Sunday, December 6, 2009

The Sugarland Express

Sugarland Express (1974)
Directed by
Stephen Spielberg
Written by Steven Spielberg (story) and Hal Barwood (story and screenplay) & Matthew Robbins (story and screenplay)
Starring Goldie Hawn, Ben Johnson, Michael Sachs, William Atherton.
IMDB Entry

Steven Spielberg became a superstar director with Jaws. Fans of his career, of course, remember he got started directing a sequence of the original Night Gallery TV movie, and the TV movie Duel.  Oddly enough, however, his first film seems to get short shrift. The Sugarland Express was not a blockbuster, and was far less action-oriented that the films where Spielberg made his reputation, but it ranks among the best first films by any director.** Yet somehow it gets overlooked when considering his films.

The story begins with Lou Jean Poplin (Goldie Hawn), who visits her husband Clovis (William Atherton) in a halfway house.  Clovis is about to be released from prison in a few weeks.  So Lou Jean breaks him out.  They overpower rookie cop Maxwell Slide, steal his patrol car and, with Slide as their hostage, head toward Sugar Land.** 

The escape as inexplicable and as it is inept, but the trio drive, followed by Captain Harlan Tanner (Ben Johnson) and police from every town they pass through on the way.
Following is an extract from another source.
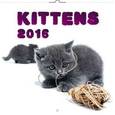 russische bücher:  - Календарь на 2016 год "Котята"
We learn the reason for all this early on.  Lou Jean's baby had been in a foster home and they were preparing to adopt him.  Lou Jean will do anything to stop this.  The result is a long low-speed chase.  Indeed, the lasting image of the film is watching the police car carrying them driving across the Texas landscape, following by an ever-growing parade of cop cars waiting for a chance to stop Lou Jean.  She becomes something of a folk hero -- a woman fighting for her child -- and a celebrity.

Chaos on the road

This is one of Goldie Hawn's best roles (she thinks so).  She manages to wring a lot out of the role, being both charming and also more serious in purpose than in many of her films.  Ben Johnson is also quite good as a man who is trying to find a peaceful solution to a situation that is spiraling out of control.

The film did respectably at the box office*** but was quickly forgotten. Why?  Most likely because of Jaws.  The film put Spielberg on the map and identified him as a maker of blockbuster films.  He followed that up with Close Encounters and -- after the flop of 1941 -- the Indiana Jones films.  People expected big films with plenty of action from him, and the small, more character-driven story of Sugarland Express just didn't appeal.  By the time Speilberg started making more serious films, it had already been forgotten.

Nowadays, when people think of Spielberg, they think of his blockbuster, and of the more serious films**** that have helped him earn Hollywood respect. The Sugarland Express, though, is among his best work and showcases some fine performances that shouldn't be missed.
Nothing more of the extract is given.